Le raisonnement du locataire est particulièrement astucieux : il faisait ainsi valoir que le mémoire ne pouvait être assimilé à une demande en justice au sens des dispositions de l’article 2241 du Code civil.
Selon le locataire, le mémoire ne pouvait donc avoir un effet interruptif de prescription que dans le cadre d’une procédure en fixation du loyer devant le juge des loyers (président du tribunal judiciaire statuant en cette qualité), mais pas dans le cadre d’une action devant le tribunal judiciaire.
Le locataire indiquait que l’article 33 du décret du 30 septembre 1953 est un texte spécial et dérogatoire ne pouvant ainsi s’appliquer que devant le juge des loyers et non pas devant le tribunal.
Dès lors, en assignant devant le tribunal et non devant le juge des loyers commerciaux, le locataire estimait que son bailleur était prescrit depuis le 31 mars 2016 (le mémoire n’ayant eu aucun effet interruptif de prescription dans ce cadre procédural).
Le bailleur aurait ainsi dû au choix :
- Soit assigner devant le juge des loyers commerciaux le 30 mars 2018 au plus tard pour bénéficier de l’effet interruptif de prescription de son mémoire préalable du 30 mars 2016 ;
- Ou bien, s’il souhaitait assigner devant le tribunal judiciaire, assigner avant le 31 mars 2016 (donc sans tenir compte de son mémoire qui n’avait d’incidence que pour la procédure spéciale prévue devant le juge des loyers).
La cour d’appel validait le raisonnement du preneur et jugeait prescrit le bailleur (CA Paris, pôle 5, chambre 3, du 26 mai 2021 n°18/28001).
Saisie du litige, la Cour de cassation confirme l’arrêt d’appel et rejette le pourvoi.

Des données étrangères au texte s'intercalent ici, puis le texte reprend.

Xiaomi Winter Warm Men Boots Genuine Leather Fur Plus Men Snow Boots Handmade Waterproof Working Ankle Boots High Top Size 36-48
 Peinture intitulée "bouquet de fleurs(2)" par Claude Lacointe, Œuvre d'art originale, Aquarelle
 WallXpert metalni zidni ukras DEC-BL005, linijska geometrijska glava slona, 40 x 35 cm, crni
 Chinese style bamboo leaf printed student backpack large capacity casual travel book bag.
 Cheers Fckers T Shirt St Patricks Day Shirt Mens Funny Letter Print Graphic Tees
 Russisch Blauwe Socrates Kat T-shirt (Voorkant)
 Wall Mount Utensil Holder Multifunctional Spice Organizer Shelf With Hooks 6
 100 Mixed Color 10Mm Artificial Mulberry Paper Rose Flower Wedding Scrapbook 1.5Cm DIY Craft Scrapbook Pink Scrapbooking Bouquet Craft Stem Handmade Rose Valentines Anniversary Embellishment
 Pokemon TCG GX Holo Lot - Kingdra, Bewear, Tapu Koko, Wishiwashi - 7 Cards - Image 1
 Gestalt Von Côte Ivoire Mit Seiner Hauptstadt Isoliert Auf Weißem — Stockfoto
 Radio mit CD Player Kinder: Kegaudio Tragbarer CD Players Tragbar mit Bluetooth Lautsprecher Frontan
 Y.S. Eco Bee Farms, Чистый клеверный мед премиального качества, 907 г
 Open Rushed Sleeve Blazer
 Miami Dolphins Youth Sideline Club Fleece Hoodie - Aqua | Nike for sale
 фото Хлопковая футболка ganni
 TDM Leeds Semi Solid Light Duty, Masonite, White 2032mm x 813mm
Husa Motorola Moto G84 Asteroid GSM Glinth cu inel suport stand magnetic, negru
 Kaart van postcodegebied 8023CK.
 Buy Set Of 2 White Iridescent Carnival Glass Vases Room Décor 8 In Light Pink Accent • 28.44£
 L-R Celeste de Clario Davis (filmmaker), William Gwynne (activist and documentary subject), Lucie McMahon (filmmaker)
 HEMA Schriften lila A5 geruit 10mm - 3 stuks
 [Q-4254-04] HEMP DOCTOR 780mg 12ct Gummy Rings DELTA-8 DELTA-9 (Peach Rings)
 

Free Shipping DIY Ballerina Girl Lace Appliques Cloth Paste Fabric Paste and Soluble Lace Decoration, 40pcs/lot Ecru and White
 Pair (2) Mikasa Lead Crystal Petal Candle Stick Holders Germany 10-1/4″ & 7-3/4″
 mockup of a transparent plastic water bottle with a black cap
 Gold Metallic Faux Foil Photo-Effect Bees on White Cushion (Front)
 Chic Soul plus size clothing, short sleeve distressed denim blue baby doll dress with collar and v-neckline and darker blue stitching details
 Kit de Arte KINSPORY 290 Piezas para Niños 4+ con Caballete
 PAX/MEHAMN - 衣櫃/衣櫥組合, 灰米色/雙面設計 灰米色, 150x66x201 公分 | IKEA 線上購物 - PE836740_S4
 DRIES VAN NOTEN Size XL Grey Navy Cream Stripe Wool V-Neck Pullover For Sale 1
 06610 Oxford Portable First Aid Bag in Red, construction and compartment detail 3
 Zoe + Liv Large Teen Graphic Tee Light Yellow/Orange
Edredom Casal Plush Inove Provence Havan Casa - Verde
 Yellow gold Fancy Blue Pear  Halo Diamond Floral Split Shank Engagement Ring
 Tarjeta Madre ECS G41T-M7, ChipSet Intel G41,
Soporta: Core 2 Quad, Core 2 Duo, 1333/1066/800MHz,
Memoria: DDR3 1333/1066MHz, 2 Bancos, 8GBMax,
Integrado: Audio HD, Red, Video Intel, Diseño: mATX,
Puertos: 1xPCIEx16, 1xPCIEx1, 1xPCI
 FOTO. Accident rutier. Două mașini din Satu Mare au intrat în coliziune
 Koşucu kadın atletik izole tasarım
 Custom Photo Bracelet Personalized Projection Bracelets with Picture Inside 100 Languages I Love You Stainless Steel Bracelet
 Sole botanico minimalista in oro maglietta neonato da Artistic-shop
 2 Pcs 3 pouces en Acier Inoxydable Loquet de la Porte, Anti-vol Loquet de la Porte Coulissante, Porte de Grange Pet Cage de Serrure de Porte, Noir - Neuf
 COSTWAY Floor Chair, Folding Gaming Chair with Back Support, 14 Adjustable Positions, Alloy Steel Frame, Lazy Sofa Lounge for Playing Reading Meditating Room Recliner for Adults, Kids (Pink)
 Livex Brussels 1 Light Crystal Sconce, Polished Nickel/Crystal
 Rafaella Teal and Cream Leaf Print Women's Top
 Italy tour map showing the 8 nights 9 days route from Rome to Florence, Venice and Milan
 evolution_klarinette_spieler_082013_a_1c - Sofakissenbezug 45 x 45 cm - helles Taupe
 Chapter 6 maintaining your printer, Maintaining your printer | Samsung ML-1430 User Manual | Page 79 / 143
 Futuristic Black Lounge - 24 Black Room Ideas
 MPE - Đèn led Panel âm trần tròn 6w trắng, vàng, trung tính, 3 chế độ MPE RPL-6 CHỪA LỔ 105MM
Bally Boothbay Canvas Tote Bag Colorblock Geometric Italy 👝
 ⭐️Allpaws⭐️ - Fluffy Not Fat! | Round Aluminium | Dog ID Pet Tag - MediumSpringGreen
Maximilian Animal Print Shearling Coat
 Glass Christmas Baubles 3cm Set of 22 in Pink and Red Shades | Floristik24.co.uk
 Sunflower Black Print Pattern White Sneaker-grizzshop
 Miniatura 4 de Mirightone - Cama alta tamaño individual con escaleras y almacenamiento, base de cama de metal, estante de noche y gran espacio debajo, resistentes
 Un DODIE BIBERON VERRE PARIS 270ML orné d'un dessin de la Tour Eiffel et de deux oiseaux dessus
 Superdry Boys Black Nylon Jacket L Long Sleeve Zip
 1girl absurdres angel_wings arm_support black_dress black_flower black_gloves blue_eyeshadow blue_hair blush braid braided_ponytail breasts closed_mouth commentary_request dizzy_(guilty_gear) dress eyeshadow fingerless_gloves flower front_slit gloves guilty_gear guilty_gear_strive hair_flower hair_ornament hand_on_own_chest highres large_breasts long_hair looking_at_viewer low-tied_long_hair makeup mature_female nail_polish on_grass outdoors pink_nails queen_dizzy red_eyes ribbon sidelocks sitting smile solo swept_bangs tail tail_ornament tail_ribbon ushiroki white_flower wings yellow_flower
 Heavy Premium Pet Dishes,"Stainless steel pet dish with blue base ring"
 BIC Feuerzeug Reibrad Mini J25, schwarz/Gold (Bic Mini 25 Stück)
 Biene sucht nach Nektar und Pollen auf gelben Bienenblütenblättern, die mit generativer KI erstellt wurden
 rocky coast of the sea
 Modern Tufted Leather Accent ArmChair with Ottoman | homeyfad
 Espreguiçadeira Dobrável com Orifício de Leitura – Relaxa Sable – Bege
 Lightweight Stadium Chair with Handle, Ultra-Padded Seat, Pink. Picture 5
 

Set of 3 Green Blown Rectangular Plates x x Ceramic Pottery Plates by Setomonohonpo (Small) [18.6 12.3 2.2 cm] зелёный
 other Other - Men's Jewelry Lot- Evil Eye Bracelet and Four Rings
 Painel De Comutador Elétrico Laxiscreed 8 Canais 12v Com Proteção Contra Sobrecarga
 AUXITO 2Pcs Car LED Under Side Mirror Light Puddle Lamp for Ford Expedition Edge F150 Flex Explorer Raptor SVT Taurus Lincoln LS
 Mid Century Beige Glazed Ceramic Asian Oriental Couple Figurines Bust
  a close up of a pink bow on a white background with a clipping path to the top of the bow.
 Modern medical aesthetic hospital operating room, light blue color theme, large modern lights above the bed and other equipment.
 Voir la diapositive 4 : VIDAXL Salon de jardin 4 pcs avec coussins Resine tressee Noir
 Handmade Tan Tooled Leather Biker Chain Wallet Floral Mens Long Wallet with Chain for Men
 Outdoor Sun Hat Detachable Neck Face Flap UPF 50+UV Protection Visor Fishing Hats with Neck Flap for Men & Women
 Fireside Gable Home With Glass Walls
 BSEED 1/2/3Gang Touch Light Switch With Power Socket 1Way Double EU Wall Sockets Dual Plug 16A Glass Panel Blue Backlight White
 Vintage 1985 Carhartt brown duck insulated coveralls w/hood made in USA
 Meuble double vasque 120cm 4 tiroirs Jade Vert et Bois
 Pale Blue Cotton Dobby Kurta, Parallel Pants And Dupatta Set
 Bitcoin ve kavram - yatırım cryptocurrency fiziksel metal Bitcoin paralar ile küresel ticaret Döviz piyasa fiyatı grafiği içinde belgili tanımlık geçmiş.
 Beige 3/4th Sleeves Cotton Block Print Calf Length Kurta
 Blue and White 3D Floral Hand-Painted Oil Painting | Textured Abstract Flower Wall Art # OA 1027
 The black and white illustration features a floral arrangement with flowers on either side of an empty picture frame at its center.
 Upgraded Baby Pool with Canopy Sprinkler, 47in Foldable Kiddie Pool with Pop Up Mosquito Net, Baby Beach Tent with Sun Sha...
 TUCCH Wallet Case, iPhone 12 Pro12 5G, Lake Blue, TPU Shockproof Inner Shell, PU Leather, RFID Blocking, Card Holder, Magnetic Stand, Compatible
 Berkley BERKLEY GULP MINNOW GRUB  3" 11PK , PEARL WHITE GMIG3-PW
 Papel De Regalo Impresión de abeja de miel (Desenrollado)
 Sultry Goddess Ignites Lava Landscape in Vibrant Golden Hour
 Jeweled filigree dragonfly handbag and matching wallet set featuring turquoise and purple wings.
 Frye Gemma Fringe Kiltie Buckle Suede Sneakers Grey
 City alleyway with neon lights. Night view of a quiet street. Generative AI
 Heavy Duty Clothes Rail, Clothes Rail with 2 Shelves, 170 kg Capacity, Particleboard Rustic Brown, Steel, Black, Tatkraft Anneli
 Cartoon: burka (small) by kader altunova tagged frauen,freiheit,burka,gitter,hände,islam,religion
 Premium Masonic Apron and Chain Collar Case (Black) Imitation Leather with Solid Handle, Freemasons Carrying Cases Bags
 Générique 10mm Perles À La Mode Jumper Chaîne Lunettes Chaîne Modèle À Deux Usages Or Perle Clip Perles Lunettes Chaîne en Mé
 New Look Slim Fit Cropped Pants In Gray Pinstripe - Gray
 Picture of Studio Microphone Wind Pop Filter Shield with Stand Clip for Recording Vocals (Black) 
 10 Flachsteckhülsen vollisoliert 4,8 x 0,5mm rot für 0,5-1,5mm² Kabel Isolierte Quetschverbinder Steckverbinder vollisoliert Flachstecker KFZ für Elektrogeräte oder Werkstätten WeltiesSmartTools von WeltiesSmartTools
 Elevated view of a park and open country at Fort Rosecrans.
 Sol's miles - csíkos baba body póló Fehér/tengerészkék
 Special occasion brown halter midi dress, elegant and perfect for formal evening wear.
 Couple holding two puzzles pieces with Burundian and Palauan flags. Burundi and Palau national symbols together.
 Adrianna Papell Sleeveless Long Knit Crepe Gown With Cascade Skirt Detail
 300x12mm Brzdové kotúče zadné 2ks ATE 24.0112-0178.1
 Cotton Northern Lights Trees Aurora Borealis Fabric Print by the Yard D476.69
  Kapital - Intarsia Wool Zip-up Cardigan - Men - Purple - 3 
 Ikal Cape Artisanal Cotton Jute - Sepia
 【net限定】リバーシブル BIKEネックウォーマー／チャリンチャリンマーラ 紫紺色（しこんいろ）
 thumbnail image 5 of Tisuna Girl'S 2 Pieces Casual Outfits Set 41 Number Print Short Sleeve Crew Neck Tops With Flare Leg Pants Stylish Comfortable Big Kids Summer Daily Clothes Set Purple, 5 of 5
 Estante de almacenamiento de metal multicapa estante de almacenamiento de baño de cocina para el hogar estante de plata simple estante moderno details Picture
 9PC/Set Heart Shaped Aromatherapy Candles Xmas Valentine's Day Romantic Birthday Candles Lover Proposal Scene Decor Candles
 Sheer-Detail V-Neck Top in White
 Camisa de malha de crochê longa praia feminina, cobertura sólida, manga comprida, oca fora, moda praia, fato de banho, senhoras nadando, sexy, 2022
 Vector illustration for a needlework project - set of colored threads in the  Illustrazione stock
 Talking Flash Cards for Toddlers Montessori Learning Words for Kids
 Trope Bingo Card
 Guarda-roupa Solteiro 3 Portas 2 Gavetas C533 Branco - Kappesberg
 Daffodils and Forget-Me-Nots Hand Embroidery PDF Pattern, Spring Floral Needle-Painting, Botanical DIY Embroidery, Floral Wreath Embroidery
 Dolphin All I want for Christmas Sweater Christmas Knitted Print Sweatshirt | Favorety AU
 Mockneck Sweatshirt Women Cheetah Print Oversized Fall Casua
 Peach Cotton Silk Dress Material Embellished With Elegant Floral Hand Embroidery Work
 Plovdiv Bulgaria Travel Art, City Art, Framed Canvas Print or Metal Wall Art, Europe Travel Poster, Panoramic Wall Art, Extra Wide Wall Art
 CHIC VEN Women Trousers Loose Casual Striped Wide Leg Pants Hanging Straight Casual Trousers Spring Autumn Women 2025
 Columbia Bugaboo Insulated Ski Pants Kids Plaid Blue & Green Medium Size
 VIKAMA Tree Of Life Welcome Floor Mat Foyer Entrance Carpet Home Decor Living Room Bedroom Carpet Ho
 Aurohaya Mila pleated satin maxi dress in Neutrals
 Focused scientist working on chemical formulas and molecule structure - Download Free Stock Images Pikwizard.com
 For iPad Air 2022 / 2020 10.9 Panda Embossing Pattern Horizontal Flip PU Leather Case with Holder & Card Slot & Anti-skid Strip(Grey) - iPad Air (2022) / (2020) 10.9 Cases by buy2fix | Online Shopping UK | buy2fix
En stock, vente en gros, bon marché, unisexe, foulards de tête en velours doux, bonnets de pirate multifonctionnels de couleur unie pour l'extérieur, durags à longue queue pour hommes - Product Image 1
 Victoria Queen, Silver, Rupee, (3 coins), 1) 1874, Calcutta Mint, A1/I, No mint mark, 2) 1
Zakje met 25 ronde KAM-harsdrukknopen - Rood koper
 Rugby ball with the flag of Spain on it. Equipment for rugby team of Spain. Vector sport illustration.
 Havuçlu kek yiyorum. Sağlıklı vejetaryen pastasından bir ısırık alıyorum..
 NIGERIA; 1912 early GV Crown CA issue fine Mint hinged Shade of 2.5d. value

La haute cour juge ainsi que les articles 2240, 2241 et 2244 du Code civil énumérant les causes interruptives de prescription sont limitatifs.
Ces dispositions concernent notamment la demande en justice.
Pour la Cour de cassation, le mémoire préalable, ne constitue pas une demande en justice au sens de l’article 2241 et n’est une cause d’interruption de prescription qu’en vertu de l’article 33 alinéa 1er du décret du 30 septembre 1953 (n°53-960) selon lequel la notification du mémoire institué par l’article R145-23 du Code de commerce interrompt la prescription.
Le mémoire préalable à la fixation des loyers n’interrompt donc la prescription que si la demande en justice est ensuite portée devant le juge des loyers.
Et évidemment, à condition que le mémoire soit valablement notifié (soit par lettre recommandée – Cour de cassation, 3e chambre civile, 2 Février 2005 – n° 03-18.042– soit par huissier de justice – Cass, civ 3ème, 16 octobre 2013, n°12-19.352).